Relaxed Quantile Regression: Prediction Intervals for Asymmetric Noise

TL;DR

This paper introduces Relaxed Quantile Regression (RQR), a novel method that improves prediction interval construction by removing arbitrary symmetry constraints, leading to more accurate and efficient uncertainty quantification in skewed distributions.

Contribution

The paper proposes RQR, a new approach that enhances quantile regression by allowing flexible interval shapes while preserving coverage guarantees.

Findings

RQR produces narrower, more accurate prediction intervals.

RQR maintains coverage guarantees similar to traditional quantile regression.

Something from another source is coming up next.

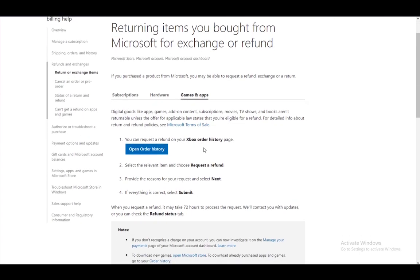Select the relevant item and choose request a refund. Then provide the reasons why you want a refund. If everything is correct, then select submit and submit your request.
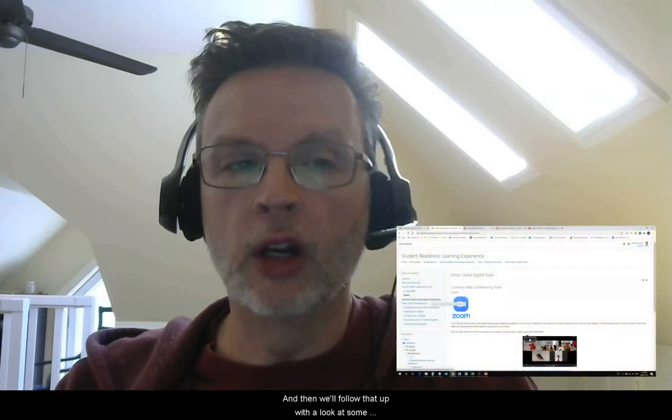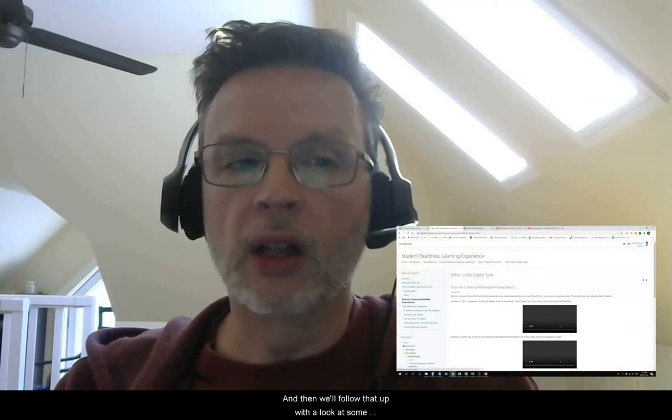We're also going to take a look at some other common web conferencing tools you may be asked to use to meet in real time for some of your live classes. These are popular platforms such as Google Meet and Zoom.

Empirical results show improved interval quality on skewed data distributions.

Abstract

Constructing valid prediction intervals rather than point estimates is a well-established approach for uncertainty quantification in the regression setting. Models equipped with this capacity output an interval of values in which the ground truth target will fall with some prespecified probability. This is an essential requirement in many real-world applications where simple point predictions' inability to convey the magnitude and frequency of errors renders them insufficient for high-stakes decisions. Quantile regression is a leading approach for obtaining such intervals via the empirical estimation of quantiles in the (non-parametric) distribution of outputs. This method is simple, computationally inexpensive, interpretable, assumption-free, and effective. However, it does require that the specific quantiles being learned are chosen a priori. This results in (a) intervals that are arbitrarily symmetric around the median which is sub-optimal for realistic skewed distributions, or (b) learning an excessive number of intervals. In this work, we propose Relaxed Quantile Regression (RQR), a direct alternative to quantile regression based interval construction that removes this arbitrary constraint whilst maintaining its strengths. We demonstrate that this added flexibility results in intervals with an improvement in desirable qualities (e.g. mean width) whilst retaining the essential coverage guarantees of quantile regression.